Fellow mum Katherine Douglas is behind the petition, which gained almost 2,000 signatures in a matter of hours.
She too payed a glowing tribute to the work of PAS and its staff, saying: “Perth Autism Support has completely transformed life experience, not only for the benefit of our involved family member, but also for the other siblings and the wellbeing of the entire family.
“It is difficult for those who, fortunately, have no experience of this condition to realise just what a constant strain it is on all involved, including friends and school staff.
“Future prospects have improved immeasurably as a result.
“Removal of this fantastic charity would have a severely negative impact on our whole family as well as approximately 650 children and young people and their families in Perth and Kinross.
Politicians have continued to offer their support to the beleaguered charity, which employs 24 staff.
Pete Wishart MSP, who has called for the Scottish Government to step in, visited PAS on Friday and also took to social media to praise The Courier for its support of the charity.
— Pete Wishart (@PeteWishart) August 19, 2017
Mid-Scotland and Fife MSPs, Liz Smith and Murdo Fraser, expressed their disappointment news of the threat it faces and called for a speedy resolution.
Mr Fraser said: “Ensuring children with complex needs like autism are able to access the right type of assistance is imperative and it is my understanding that Perth Autism Support has done a tremendous job in providing this over the course of the past few years.
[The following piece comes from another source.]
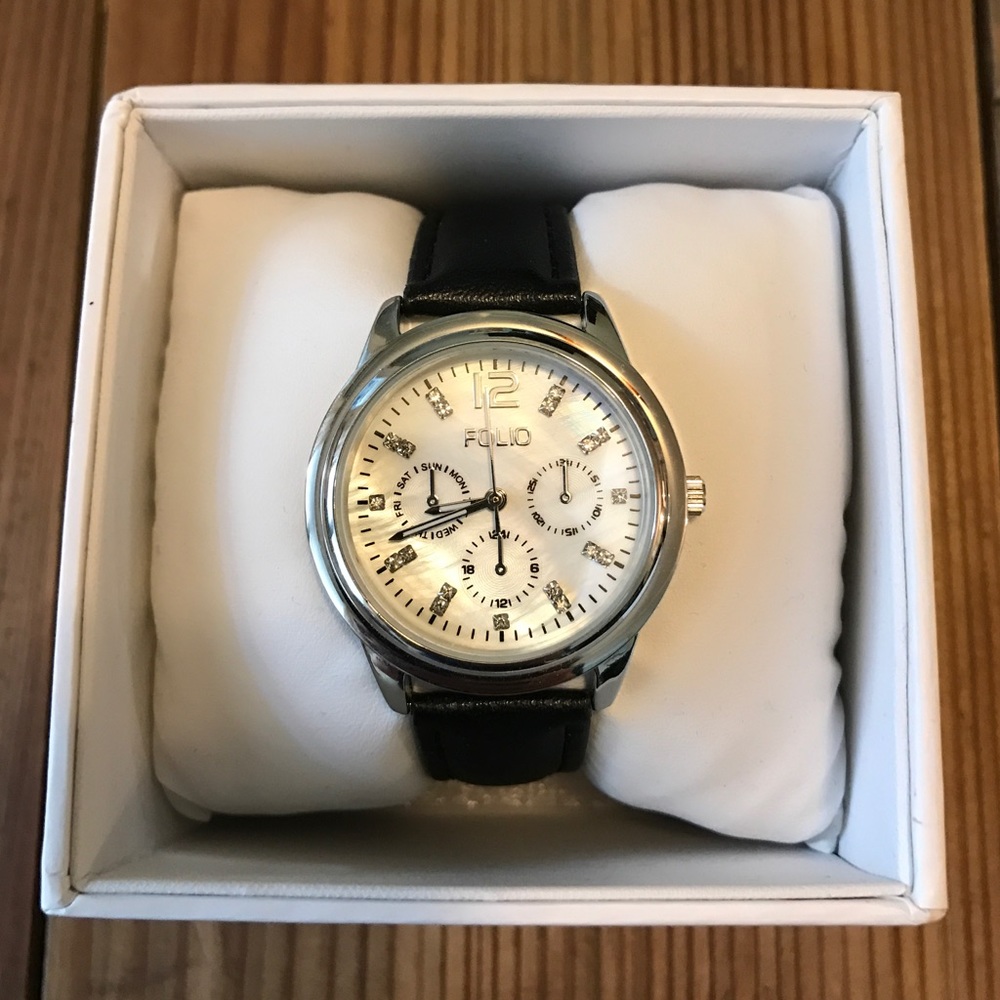 NEW Folio Watch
“Perth Autism Support does not just cater for children suffering with autism but also helps parents with child care techniques and communication strategies, which is incredibly important.
“It is vital that children currently using the service are not cut off and I would encourage all partners to get together to create a long-term strategy for autism care in Perth.”
Ms Smith added: “Perth Autism Support has played a key role in improving the lives of hundreds of children and young people and it is important that this good work is not lost.”